Blue Hawaii – Untogether
La fille de dos dans son bureau et celle qui planque sa main entre cuisses, la lève la replonge si soudainement que je sursaute, en face dans le tramway ont ce point commun de demeurer inaccessibles, me laissant là avec l’intime satisfaction du fantasmeur. Untogether, c’est ne pas être ensemble, ou être tellement avec l’autre, comme présupposé. Laiteux, ce nouvel album de cette valeur sûre néanmoins mésestimée de la scène canadienne est le plus cunnilinguial de cet hiver. Une longue caresses buccale qui réchauffe, se fait profonde, et qui grimpe les sommets des rideaux en bon alpiniste d’intérieur. J’avais un pote qui disait chant grégorien pour parler des gémissements des filles pendant les premières séances sexuelles de la fin de la puberté. L’influence Dead Can Dance y croise celle d’un R’n B de blanc-bec. L’image qui me vient à l’esprit, c’est un couple d’ados qui se sucent dans un pavillon. Ce qu’un autre pote appelait un quartier à partouze, ce qui bien qu’étant vrai est moins chou que le chant grégorien et l’amour naissant. Quand je me réveille et que tout va bien je pousse de petits cris, comme un oiseau. Je m’étire au fond du lit, et je mets le nouveau Blue Hawaii qui est mon horoscope. (CL)

PVT – Homosapien
J’écoute cet album en pensant à toi. Mon prince, ou mon tyran. C’est difficile d’écrire quelque chose de potable quand on passe derrière lui. Pourtant, il n’est pas bien sévère. Il sait percevoir l’émotion qui est en moi quand j’écoute PVT. Mon humeur change presque instantanément. Je passe de l’espoir à la peur, et de la peur à l’excitation. L’album m’intrigue, l’album me déçoit. Cold Romance se glisse dans mes pensées et je me demande si la voix de Richard Pike se marierait avec la mienne.
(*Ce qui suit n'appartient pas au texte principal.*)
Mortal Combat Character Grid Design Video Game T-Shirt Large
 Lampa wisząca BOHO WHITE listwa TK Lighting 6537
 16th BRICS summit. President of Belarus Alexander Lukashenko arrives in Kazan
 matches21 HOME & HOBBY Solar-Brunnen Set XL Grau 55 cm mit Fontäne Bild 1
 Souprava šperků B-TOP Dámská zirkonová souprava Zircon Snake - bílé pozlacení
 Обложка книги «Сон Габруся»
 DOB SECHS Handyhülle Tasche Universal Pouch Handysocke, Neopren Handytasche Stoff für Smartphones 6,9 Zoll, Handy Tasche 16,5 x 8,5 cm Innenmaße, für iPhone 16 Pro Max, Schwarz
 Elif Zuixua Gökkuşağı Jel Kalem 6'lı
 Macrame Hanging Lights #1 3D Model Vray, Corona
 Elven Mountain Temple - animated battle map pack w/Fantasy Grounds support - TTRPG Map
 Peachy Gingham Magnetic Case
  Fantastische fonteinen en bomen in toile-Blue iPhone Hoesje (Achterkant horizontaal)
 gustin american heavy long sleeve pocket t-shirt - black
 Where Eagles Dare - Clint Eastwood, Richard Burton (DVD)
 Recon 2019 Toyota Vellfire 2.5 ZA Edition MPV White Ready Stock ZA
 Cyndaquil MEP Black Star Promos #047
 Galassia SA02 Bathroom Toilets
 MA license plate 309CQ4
Malgré cela, mon prince-tyran comprend tout à fait qu’à 20 ans, on ne peut pas être aussi douée que lui. La seule chose dont je ne douterais jamais à présent, c’est la sensation que j’ai entre les omoplates quand j’écoute Homosapien. Ca fait du bien dans l’échine et ca fait un peu mal dans les intestins. Ce côté bestial, primitif est réel, les sensations réelles ça monte à la tête. Néanmoins, il manque un truc dans cet album, que seul le mot « célibat » pourra comprendre. (AS)

Esben & The Witch - Wash The Sins Not Only The Face
Les pêchés sont-ils ces petits prisonniers de mes yeux qu’une fois sur trois je n’arrive pas à ôter en passant de l’eau sur mon visage à 11h36 ? Esben & The Witch participent au sentiment de culpabilité que procure l’excès de rêves érotiques quand, sortant de ma chambre, deux larmes me coulent sur les joues. On dit que la mode est à l’ésotérisme, cette espèce de foi nouvelle, finalement athéiste, et dotée d’un nombre providentiel de prophètes souvent aussi chéper et dark qu’une bande de grunges dans un monastère. Tout pour me plaire ! Une brune aux cheveux longs, raie au centre. Je me croirais de retour à l’ère où mes amis me donnaient leur bénédiction pour aller baiser. J’ai l’impression que c’était hier ; cette abondance de rythme fait de ma vie un capharnaüm. Je me souviens quand j’ai appris ce mot en élémentaire. C’est pas anodin. J’avais une coupe de cheveux sympa, illogique mais bon en calcul rapide, et je savais ce que boulodrome voulait dire alors que je n’en avais jamais vu. La naissance d’une religion qui occulte l’amour tellement obsédée qu’elle est par les fantômes et la réverbération. Dans ce capharnaüm, tous ces instants passés à écouter le disque d’Esben & The Witch, ça revenait à changer le soda en eau fraîche. Et le divan en bain moussant. (CL)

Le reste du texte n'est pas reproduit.